What is truly amazing, though, is that the Bible is very clear on this point. Very plainly Jesus says, “But of that day or that hour no one knows, not even the angels in heaven, nor the Son, but only the Father.” (Mk. 13:32).

Someone might well ask, “Well, given Paul’s error and the embarrassment of wrong-guessing all through the centuries, and considering all the excesses, why not forget the whole thing.” And that is pretty much what we have done.

But it was not always so. The Confessions of the Presbyterian Church U.S.A. are full of references to the Second Coming of Jesus Christ.1 The great Presbyterian preacher Alexander MaClaren had no problem preaching on the Book of Revelation.2

But the question arises, is it fair for us to dismiss casually a theme which pulsates so insistently through the whole of the New Testament? And again, do we not find it slipping into our worship services even when we try to ignore it? We repeat the Apostles’ Creed, for example, and there read that Christ “sitteth as the right hand of God the Father almighty from thence he shall come to judge the quick and the dead.” We sing a hymn such as “How Great Thou Art” and there it is: “When Christ shall come with a shout of acclamation and take me home, what joy shall fill my heart.” So, while we can ignore the concept of the Second Coming, we cannot escape it.

What then can be said? Will Christ come again as both the New Testament and the Creeds tell us?

No doubt on this point Christ will return. The New Testament looks forward quite realistically to an end-time, to a consummation of history, to a time when everything shall be wrapped up. The New Testament sees Christ coming at the end of history to gather his own and to vindicated them before everyone. The New Testament looks confidently forward to the time when the “kingdom of the world has become the kingdom of our Lord and of his Christ and He shall reign for ever and ever.” (Rev. 11:15).
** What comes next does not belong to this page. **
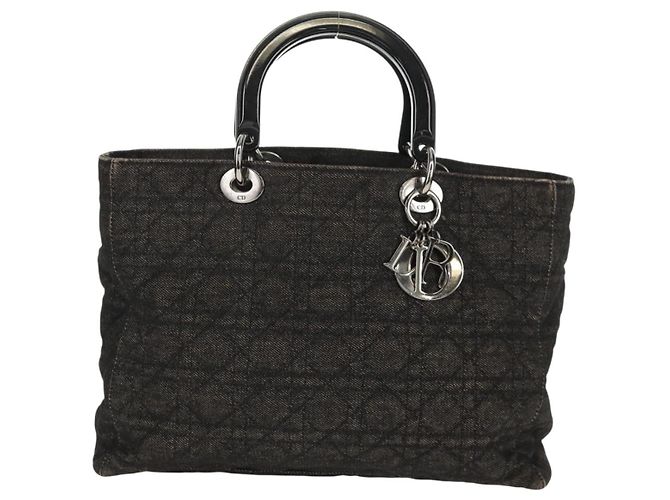 Christian Dior Borsa Lady Dior Canage in denim nero e argento Auth 160182 - vista 13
“So who cares?” you may still ask. What difference does it make?

I asked myself this. While I was a pastor in a New Jersey Church occasionally I would escape to a Jersey diner and eat lunch. I loved to go around 2:30 when the crowds had left and the waitresses were standing around gossiping. I surreptitiously carried a notebook with me so that I could garnish some sermon illustrations from the ever loquacious waitresses. I learned more about human nature in one afternoon at Windsor Diner than all my courses at Princeton.
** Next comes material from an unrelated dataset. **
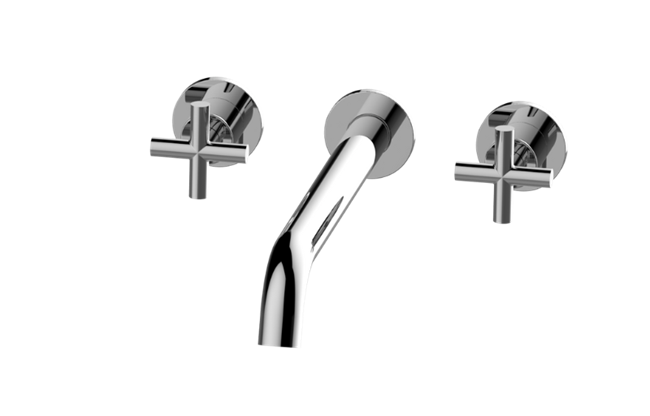 Graff - Harley ME Three-Hole Wall-Mounted Tub Filler with 12 Inch spout - Trim Only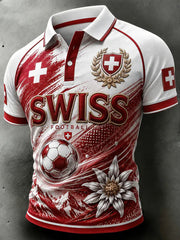 Herren Schweiz Fußball-Fan T-Shirt Kurzarm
A Jersey diner is somewhere between an ostentatious trailer and your proverbial greasy spoon. The Jersey diner is truly a slice of Americana–where the “youse guys” and “Couffee” runs freely. Built in only a couple of days in my former hometown, Middlesex, NJ, these diners have been able to withstand the onslaught of MacDonalds and Burger Kings. Besides having the best cheese cake on the East Coast, the diner is the best place for a pastor to keep in touch with his world. When I was tired of all the pedantic gobbledy goop that the modern pastorate demanded, I escaped to Windsor Diner.

As I ate my underdone, greasy, overpriced cheeseburger, I eaves-dropped on two waitresses at the end of the counter. I love to eat lunch at the counter with the postman and the truckdriver. Who knows, maybe someone will mistake me for a workingman! “Can you believe it,” one fat little waitress mused, “The blankity blank guy let his daughter die in a fire.” The waitress was referring to a sensationalistic story about a father who chained his daughter to her room so that she would not “fall into immorality.” Too bad she burned to death in fire when he was away!

This little waitress ended with a statement that was uncharacteristic fare for a mid-afternoon lunch in Central New Jersey. “I just hope that I die soon so that I will not have to suffer much more.”